What was the thinking behind the two dresses at the end of the movie, the matching blue and pink dresses they wear to the reunion?
I designed Mira Sorvino's outfit and then had something completely different in mind for Lisa Kudrow, more of a flowy chiffon style — as she was more the feminine character in the relationship. A day or two before the scene Lisa asked what Mira was wearing and so I showed her the dress. She looked at the sketch and said she thought that the dresses should be similar, that they should be the same dress but should wear it in different ways.

I was a little upset as we had spent a lot on her original outfit, but as a designer you have to be open to being a collaborator with the director and the actors. So I went to the director and he thought that it would work really well. So I made the same A-line shift dress for Lisa but in pink. I trimmed it completely different and made it more girly with the boa trim on the bottom with bubbly fun accessories.

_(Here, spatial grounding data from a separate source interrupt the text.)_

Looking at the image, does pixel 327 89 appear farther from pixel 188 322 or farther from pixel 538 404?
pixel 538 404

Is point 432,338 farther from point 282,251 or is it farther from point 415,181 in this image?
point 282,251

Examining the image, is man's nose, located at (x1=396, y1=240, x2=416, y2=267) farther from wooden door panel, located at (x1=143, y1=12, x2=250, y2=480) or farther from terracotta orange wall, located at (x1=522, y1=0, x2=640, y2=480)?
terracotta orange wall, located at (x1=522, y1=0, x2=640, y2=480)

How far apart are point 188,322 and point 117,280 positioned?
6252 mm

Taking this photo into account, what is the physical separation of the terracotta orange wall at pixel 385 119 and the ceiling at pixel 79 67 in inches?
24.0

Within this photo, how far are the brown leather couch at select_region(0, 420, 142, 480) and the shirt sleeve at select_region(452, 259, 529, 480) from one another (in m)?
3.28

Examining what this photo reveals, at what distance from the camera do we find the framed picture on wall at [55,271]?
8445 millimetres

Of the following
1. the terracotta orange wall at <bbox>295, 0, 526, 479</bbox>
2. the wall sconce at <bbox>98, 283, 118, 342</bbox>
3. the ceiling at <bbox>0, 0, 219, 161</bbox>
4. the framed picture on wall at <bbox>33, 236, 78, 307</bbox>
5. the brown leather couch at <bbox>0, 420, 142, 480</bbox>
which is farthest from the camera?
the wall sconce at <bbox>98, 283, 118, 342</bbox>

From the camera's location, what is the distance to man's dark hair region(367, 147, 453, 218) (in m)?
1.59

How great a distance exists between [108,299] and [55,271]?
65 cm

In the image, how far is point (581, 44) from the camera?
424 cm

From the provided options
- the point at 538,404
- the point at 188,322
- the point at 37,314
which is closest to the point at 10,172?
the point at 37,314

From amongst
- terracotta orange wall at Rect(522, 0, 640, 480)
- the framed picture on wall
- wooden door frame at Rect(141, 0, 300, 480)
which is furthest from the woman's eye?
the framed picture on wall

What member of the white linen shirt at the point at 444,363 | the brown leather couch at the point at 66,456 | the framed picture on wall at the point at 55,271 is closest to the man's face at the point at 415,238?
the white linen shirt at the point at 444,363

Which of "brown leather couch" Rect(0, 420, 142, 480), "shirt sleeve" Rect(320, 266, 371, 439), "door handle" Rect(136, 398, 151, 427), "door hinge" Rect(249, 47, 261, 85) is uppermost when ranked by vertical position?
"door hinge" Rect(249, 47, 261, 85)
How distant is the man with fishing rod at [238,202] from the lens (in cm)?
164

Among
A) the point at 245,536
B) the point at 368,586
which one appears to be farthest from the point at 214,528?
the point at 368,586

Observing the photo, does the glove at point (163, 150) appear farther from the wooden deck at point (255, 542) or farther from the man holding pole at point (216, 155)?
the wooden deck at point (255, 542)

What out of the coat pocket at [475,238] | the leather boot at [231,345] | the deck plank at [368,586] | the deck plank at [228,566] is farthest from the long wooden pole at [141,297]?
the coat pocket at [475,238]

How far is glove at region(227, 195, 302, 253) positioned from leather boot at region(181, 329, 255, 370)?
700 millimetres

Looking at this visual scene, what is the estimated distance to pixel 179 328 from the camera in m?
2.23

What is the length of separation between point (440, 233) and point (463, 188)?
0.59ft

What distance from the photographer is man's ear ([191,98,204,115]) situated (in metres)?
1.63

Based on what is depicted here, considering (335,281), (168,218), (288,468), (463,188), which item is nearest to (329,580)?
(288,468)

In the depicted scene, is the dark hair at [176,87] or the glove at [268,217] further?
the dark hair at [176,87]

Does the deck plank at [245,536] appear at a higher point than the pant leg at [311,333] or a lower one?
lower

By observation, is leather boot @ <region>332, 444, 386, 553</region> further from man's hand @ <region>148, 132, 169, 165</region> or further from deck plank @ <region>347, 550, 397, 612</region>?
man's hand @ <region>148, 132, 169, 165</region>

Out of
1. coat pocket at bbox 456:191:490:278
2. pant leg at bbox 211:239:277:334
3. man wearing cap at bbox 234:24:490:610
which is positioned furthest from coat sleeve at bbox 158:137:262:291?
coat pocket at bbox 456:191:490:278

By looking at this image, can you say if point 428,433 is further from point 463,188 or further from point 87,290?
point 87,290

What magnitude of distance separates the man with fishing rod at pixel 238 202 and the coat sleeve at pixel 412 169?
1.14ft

When they came out together wearing those dresses it was just so right! It felt like they made them and it was their signature. And in the end the costumes made it onto the film poster! So again you have to be very open to last-minute changes because they could be the right thing to do. As an actress knowing her character, she knew it would work.

What was your favourite outfit from The House Bunny?
It's a scene from the end of the movie where Anna Farris is doing a Playboy shoot, dressed in red like a skater chick holding her skateboard. Inspiration-wise, I looked at actual Playboy magazine shoots. That was a pivotal scene, where she realises that this isn't her and she has to change her life. The House Bunny is a good example of character transformation in clothing transition: from ugly duckling to sexy party girl and then, in the end, she really finds herself. The themes of most of the films I have done relate to the question of how you can find yourself. It's the eternal quest: Who are we? Who am I? And how can I express myself? And clothes are a huge way we can express ourselves.

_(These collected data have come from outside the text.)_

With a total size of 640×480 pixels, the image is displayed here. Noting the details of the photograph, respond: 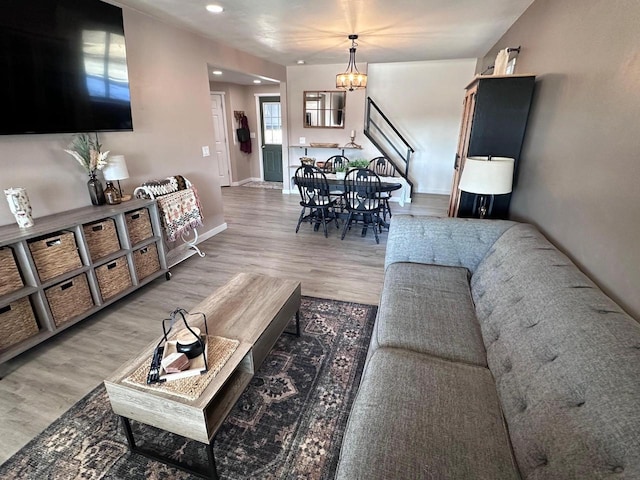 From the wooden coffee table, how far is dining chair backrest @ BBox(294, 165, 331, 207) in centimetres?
238

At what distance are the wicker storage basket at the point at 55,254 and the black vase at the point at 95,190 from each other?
0.52 m

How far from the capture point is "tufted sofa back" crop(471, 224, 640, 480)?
83 centimetres

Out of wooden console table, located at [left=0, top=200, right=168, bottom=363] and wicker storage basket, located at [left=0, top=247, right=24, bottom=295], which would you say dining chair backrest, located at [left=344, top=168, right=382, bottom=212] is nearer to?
wooden console table, located at [left=0, top=200, right=168, bottom=363]

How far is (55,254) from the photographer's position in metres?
2.18

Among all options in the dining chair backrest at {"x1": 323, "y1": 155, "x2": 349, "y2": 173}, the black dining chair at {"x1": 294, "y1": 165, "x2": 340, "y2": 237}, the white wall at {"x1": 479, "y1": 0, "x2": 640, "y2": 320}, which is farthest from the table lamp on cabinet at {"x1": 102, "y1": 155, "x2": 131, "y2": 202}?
the dining chair backrest at {"x1": 323, "y1": 155, "x2": 349, "y2": 173}

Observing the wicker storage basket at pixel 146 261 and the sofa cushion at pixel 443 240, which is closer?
the sofa cushion at pixel 443 240

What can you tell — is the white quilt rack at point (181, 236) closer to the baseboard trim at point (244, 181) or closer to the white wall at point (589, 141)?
the white wall at point (589, 141)

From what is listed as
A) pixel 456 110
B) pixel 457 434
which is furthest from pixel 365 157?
pixel 457 434

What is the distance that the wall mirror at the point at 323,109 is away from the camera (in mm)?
6504

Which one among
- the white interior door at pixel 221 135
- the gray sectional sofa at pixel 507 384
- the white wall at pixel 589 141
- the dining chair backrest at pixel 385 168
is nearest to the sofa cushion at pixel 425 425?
the gray sectional sofa at pixel 507 384

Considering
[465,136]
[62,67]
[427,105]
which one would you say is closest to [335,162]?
[427,105]

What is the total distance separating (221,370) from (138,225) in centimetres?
204

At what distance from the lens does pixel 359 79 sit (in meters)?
4.59

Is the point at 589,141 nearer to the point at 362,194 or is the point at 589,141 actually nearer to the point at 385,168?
the point at 362,194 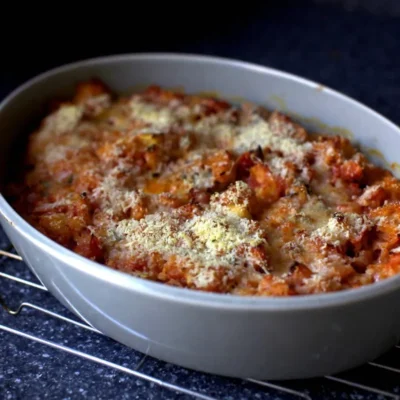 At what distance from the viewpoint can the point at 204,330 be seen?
149 cm

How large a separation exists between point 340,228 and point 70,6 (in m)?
2.10

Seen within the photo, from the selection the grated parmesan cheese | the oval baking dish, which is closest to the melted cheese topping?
the grated parmesan cheese

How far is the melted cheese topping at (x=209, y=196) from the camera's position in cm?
173

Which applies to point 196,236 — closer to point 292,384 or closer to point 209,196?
point 209,196

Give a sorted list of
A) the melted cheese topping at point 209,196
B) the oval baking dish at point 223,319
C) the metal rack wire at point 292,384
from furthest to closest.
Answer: the melted cheese topping at point 209,196 → the metal rack wire at point 292,384 → the oval baking dish at point 223,319

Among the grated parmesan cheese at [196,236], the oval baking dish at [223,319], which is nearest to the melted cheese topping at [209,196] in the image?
the grated parmesan cheese at [196,236]

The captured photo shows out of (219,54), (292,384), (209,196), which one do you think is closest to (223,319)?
(292,384)

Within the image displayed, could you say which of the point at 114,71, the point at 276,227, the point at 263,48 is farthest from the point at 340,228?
the point at 263,48

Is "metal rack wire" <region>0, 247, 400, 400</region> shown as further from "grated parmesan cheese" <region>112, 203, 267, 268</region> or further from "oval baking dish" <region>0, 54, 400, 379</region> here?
"grated parmesan cheese" <region>112, 203, 267, 268</region>

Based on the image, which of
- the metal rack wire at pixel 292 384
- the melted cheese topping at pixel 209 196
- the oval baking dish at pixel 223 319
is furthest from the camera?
the melted cheese topping at pixel 209 196

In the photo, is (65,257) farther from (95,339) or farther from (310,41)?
(310,41)

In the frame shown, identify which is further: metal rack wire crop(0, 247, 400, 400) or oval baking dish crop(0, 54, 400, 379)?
metal rack wire crop(0, 247, 400, 400)

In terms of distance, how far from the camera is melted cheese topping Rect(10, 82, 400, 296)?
5.67 feet

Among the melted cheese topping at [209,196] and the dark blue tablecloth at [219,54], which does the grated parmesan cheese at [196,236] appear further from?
the dark blue tablecloth at [219,54]
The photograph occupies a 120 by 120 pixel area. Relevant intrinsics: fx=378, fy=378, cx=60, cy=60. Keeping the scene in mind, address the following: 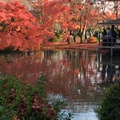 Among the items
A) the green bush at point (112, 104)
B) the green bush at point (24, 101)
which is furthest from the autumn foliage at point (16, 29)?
the green bush at point (24, 101)

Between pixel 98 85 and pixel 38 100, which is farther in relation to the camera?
pixel 98 85

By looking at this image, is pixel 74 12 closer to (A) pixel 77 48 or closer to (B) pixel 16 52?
(A) pixel 77 48

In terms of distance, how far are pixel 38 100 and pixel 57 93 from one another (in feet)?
22.2

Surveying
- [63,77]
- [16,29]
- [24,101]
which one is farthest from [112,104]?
[16,29]

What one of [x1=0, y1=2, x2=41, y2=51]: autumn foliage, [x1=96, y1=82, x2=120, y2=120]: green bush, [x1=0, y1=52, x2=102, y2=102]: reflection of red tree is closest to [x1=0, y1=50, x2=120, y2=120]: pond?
[x1=0, y1=52, x2=102, y2=102]: reflection of red tree

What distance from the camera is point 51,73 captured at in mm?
15914

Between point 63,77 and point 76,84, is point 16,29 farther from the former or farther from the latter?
point 76,84

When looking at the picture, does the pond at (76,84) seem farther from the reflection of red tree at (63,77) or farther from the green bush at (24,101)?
the green bush at (24,101)

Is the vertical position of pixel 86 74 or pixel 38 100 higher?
pixel 38 100

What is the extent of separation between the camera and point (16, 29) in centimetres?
2673

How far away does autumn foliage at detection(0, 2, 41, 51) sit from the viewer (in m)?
26.2

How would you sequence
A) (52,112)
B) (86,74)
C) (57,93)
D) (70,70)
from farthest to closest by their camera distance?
(70,70), (86,74), (57,93), (52,112)

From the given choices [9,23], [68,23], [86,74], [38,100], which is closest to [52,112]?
[38,100]

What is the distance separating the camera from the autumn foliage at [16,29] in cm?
2620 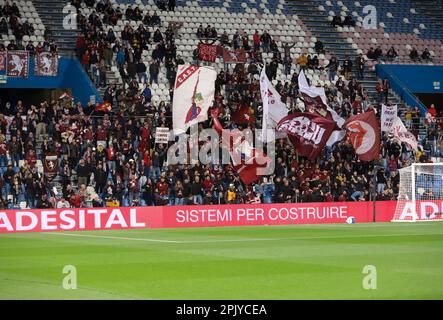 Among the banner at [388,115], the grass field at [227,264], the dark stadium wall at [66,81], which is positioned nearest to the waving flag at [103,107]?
the dark stadium wall at [66,81]

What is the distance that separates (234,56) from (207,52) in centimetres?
161

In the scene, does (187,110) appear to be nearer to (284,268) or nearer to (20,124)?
(20,124)

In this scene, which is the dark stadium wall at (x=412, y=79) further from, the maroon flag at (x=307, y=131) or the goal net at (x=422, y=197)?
the maroon flag at (x=307, y=131)

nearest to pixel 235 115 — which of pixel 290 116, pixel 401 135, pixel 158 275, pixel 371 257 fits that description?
pixel 290 116

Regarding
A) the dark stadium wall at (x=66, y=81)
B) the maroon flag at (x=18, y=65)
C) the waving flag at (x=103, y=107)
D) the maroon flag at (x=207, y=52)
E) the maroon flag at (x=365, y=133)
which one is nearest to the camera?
the maroon flag at (x=365, y=133)

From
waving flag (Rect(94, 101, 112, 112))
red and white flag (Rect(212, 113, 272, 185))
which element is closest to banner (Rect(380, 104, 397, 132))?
red and white flag (Rect(212, 113, 272, 185))

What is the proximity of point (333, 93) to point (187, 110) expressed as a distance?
1195 cm

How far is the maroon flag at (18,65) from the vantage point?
48.0 m

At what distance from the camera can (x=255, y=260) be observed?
2178 cm

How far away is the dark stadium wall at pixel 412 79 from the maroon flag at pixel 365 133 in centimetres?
1242

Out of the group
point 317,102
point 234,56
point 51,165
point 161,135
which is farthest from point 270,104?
point 234,56

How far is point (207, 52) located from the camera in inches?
2023

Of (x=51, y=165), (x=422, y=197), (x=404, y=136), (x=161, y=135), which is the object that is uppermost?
(x=161, y=135)

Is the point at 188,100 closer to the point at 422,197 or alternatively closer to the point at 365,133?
the point at 365,133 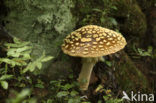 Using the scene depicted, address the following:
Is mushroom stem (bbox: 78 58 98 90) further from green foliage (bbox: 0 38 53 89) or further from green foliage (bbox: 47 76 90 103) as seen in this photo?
green foliage (bbox: 0 38 53 89)

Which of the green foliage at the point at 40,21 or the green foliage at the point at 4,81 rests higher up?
the green foliage at the point at 40,21

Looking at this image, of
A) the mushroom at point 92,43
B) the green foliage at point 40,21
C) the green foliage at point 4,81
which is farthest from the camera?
the green foliage at point 40,21

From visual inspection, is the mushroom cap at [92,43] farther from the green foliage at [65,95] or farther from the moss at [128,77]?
the moss at [128,77]

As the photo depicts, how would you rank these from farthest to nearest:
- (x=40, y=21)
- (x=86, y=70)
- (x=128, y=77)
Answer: (x=128, y=77)
(x=86, y=70)
(x=40, y=21)

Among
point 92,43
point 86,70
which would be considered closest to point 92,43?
point 92,43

I love doing films with women because you can influence them through clothing. It's important to create a good example as there are a lot of young women dressing like Miley Cyrus, which I think is ok because as artists we need to express ourselves but there needs to be a boundary for younger woman. You can look sexy and cute like Alicia Silverstone but you don't have to go that far. But there is so much happening — information overload with instagram and everything — that you kind of have to go so far to be outrageous these days. But in the 90s you didn't have to do so much.

What was it like working with Will Ferrell on A Night at the Roxbury?
My stomach hurt all the way through the movie — I couldn't stop laughing! For those shiny suits they wore at the club I had to source special fabric from Japan that was stretchy enough, because they kept ripping all the clothes when they were dancing! So I had to use a material that would expand at the seams so that they could continue with their outrageous performances.

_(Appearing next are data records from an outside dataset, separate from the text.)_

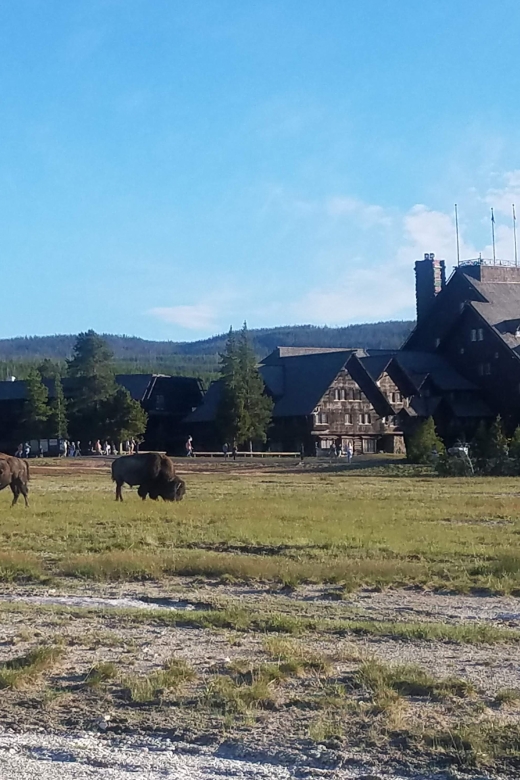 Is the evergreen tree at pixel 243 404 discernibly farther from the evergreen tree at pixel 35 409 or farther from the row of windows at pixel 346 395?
the evergreen tree at pixel 35 409

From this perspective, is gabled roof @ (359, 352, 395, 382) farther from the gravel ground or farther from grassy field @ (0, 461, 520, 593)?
the gravel ground

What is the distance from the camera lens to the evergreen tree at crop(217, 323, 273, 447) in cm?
8750

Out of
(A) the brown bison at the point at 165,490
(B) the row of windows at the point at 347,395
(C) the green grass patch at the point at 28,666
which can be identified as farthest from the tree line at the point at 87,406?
(C) the green grass patch at the point at 28,666

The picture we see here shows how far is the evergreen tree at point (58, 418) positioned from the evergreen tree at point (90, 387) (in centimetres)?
74

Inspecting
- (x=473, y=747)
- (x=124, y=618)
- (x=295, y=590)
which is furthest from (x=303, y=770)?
(x=295, y=590)

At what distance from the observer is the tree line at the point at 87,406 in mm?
91438

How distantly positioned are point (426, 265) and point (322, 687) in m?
106

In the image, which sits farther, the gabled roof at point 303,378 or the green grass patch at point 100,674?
the gabled roof at point 303,378

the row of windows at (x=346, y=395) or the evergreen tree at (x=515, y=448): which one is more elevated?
the row of windows at (x=346, y=395)

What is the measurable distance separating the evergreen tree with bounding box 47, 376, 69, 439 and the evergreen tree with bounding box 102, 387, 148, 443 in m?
5.12

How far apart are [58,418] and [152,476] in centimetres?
6543

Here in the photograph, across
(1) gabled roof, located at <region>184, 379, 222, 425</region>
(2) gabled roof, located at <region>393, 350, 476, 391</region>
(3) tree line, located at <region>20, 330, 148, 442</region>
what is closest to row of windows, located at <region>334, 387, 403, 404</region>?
(2) gabled roof, located at <region>393, 350, 476, 391</region>

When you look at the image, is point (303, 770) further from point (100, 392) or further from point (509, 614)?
point (100, 392)

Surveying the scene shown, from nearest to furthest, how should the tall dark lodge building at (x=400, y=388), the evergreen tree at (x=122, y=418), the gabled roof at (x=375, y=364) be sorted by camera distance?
the evergreen tree at (x=122, y=418) < the tall dark lodge building at (x=400, y=388) < the gabled roof at (x=375, y=364)
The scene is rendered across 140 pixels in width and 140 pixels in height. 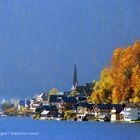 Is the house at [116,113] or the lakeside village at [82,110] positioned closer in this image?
the lakeside village at [82,110]

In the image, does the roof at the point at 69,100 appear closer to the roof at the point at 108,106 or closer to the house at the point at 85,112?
the house at the point at 85,112

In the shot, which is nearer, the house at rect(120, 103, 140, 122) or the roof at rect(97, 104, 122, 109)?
the house at rect(120, 103, 140, 122)

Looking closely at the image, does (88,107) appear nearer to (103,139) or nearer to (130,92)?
(130,92)

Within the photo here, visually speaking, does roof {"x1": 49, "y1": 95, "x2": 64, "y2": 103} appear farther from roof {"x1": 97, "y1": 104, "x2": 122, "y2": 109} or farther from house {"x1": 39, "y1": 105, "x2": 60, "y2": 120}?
roof {"x1": 97, "y1": 104, "x2": 122, "y2": 109}

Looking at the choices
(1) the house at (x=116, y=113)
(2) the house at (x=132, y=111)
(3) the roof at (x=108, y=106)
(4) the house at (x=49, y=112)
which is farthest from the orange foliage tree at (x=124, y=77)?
(4) the house at (x=49, y=112)

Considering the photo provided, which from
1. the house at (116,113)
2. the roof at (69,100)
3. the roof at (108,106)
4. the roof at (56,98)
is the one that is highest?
the roof at (56,98)

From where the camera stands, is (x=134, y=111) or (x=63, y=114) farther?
(x=63, y=114)

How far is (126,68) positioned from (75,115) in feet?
44.4

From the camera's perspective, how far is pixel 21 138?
49.1 m

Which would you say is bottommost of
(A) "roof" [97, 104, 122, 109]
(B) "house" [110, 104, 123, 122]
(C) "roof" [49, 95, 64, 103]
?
(B) "house" [110, 104, 123, 122]

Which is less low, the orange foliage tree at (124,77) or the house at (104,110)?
the orange foliage tree at (124,77)

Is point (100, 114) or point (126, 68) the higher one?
point (126, 68)

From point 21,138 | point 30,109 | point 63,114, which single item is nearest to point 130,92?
point 63,114

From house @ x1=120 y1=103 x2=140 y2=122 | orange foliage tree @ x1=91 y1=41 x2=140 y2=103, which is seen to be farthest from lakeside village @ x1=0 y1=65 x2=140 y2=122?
orange foliage tree @ x1=91 y1=41 x2=140 y2=103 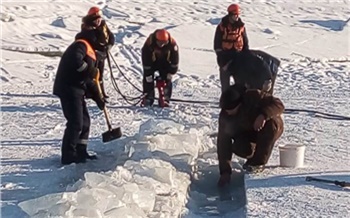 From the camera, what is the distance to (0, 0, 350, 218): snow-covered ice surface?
668 cm

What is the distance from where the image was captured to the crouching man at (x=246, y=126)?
7302 mm

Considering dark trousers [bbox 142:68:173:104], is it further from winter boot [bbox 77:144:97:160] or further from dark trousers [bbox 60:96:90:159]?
dark trousers [bbox 60:96:90:159]

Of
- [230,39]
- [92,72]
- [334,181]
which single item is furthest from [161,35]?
[334,181]

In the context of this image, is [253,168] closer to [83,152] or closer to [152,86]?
[83,152]

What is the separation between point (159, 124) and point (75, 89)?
3.68 feet

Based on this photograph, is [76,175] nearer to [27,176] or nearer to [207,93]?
[27,176]

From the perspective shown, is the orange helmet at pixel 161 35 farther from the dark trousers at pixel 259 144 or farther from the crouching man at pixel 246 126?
the dark trousers at pixel 259 144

There is one moment when they are walking on the beach in their stringy G-strings, which I had to make. In the fitting I had to cut higher and higher, and it was so funny because they wanted the cut higher so that their bums wiggled more. They wanted it to look more Euro. Comedians bring so much to the film in their fittings as they are constantly creating the character with the clothes. You just never know what's going to happen in the fitting.

What future projects have you got coming up?
Right now I am working on an animated musical film called Bollywood Superstar Monkey; creating Indian concept costumes for two monkeys who try to stop an ancient demon from conquering the world. It's loosely based on the Hindu mythology of Ramayan. So far, it's in pre-production, set to be released in 2017, and Lea Michele has been cast to voice Pinki, the monkey. 

How would you describe your personal style in three words?
It definitely has to be girly, colourful and memorable.